## Information provided
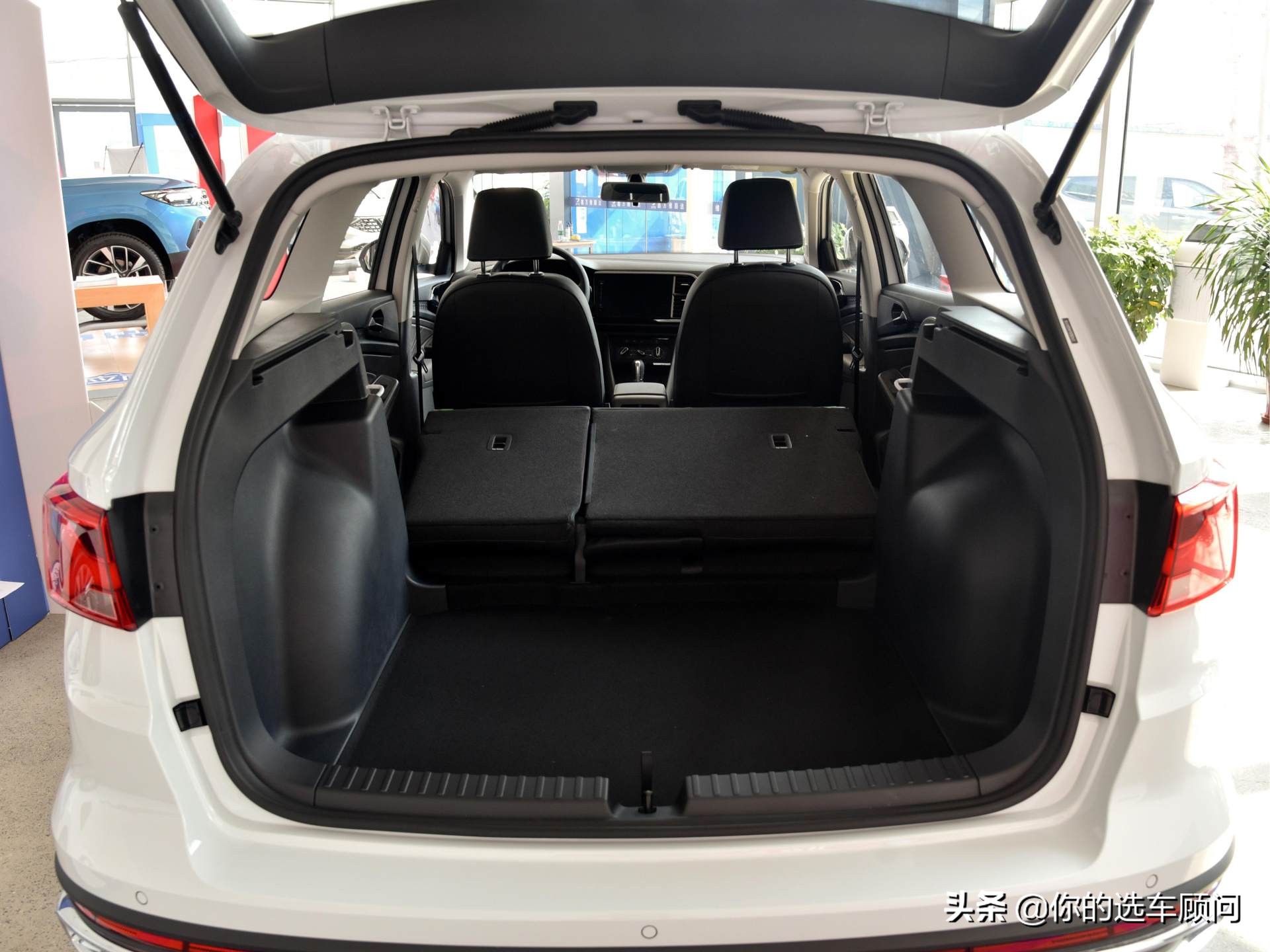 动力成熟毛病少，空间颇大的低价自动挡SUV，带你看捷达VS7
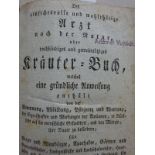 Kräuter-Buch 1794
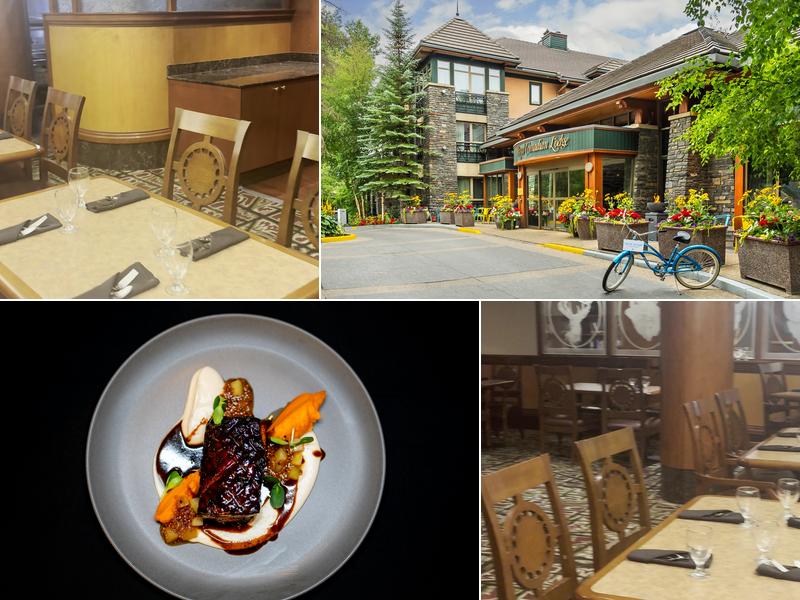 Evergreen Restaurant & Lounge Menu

## What you should do
Repeat the listing verbatim without its pictures.

## Worked solution
 动力成熟毛病少，空间颇大的低价自动挡SUV，带你看捷达VS7
 Kräuter-Buch 1794
 Evergreen Restaurant & Lounge Menu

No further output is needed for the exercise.